Economist Pham Chi Lan made the above remarks at a recent exclusive interview with the Government Online Newspaper.

Joining the WTO was a big decision as it was taken after 10-year reform and Viet Nam was still on the way to shift from centrally planned to market economy, thus many of our regulations were not in accordance with the WTO’s regulations, Lan recalled.

It took 12 years for Viet Nam to officially become a member of the WTO but its WTO membership paved the way for the country proceed to sign an economic partnership agreement with Japan in 2008 and comprehensive partnership and cooperation agreement with the European Union in 2012, and even the Comprehensive and Progressive Agreement for Trans-Pacific Partnership (CPTPP), previously known as the Trans-Pacific Partnership (TPP).

Viet Nam initially joined the TPP talks as an observer in 2009 and officially became full participant in 2010 and has demonstrated great efforts, especially after the US withdrew from the trade deal. The economist said this is another good decision.

As a founding member of the CPTPP, Viet Nam has a favorable position in trading relations with other major partners. Especially, it has helped Viet Nam to boost a free trade agreement negotiations with the European Union, making Viet Nam the second Southeast Asian country to sign a free trade deal with the Union after Singapore.

Accumulative investment capital of top ten foreign investors in Viet Nam in 2018.

The CPTPP and the Viet Nam-EU free trade agreement (EVFTA) would help Viet Nam to realize its long-term strategy on sustainable development on the basis of innovations and technologies, according to Lan.

Both the trade pacts contain high commitments on reform of economic institutions, thus they create both the driving force and pressure on Viet Nam. However, the commitments are in line with the country’s long-term reform process, in which institutional reform is regarded as one of the three breakthroughs.

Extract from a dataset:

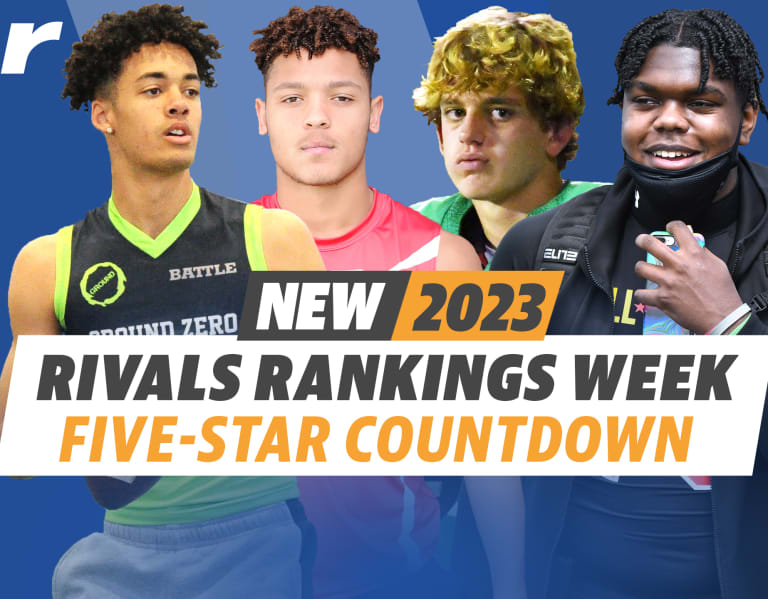 Rivals Rankings Week: Class of 2023 five-stars revealed - Rivals.com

Thanks to the Government’s efforts over the past three years, Lan expressed her belief that the system of Viet Nam’s economic institutions will be improved as expected in the next five or ten years.

The Government has taken drastic measures to fix shortcomings of the economy, including withdrawal of State capital from State-owned enterprises’ non-core business lines, acceleration of equitization among others.

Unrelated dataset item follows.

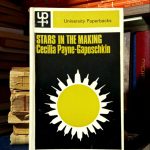 Cecilia Payne-Gaposchkin - Stars in the Making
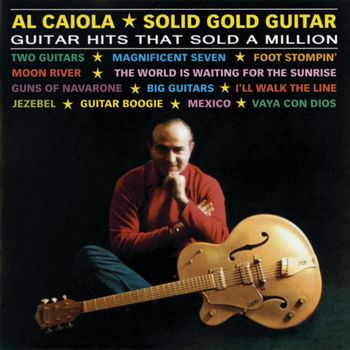 Al Caiola - Solid Gold Guitar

The Government has paid greater attention to controlling State-owned enterprises through the establishment of the Committee for Management of State Capital invested at enterprises, a move that clearly showed the Government has changed the way to manage the State-owned enterprises in the context of the socialist-oriented market economy.

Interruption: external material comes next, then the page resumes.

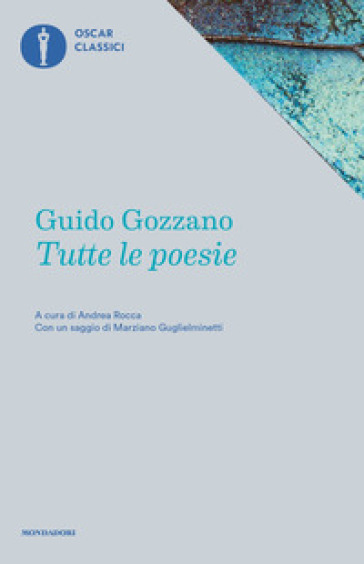 Tutte le poesie - Guido Gozzano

The Government has also made remarkable efforts in cutting business conditions and administrative procedures in a bid to improve the country’s business environment. According to the latest review of the Viet Nam Chamber of Commerce and Industry (VCCI), there were a record number of issued legal documents specifying reduction of business conditions and administrative procedures, according to the economist.

In addition, the Party and State have issued a number of resolutions and decisions affirming the role of private economy as an important driving force of the economy. It is the right approach and will surely bring about good outcomes.

Another positive signal is that the Government figured out orientations to spur startups and innovations as well as high-tech application in agriculture sector in order to drive the economy forward on the basis of technology instead of being dependent on cheap labor.

Lan also highlighted the Party’s efforts in combatting corruption as well as the close relationship between institutional reform and anti-corruption and the latter could only be pushed back if the former is carried out./.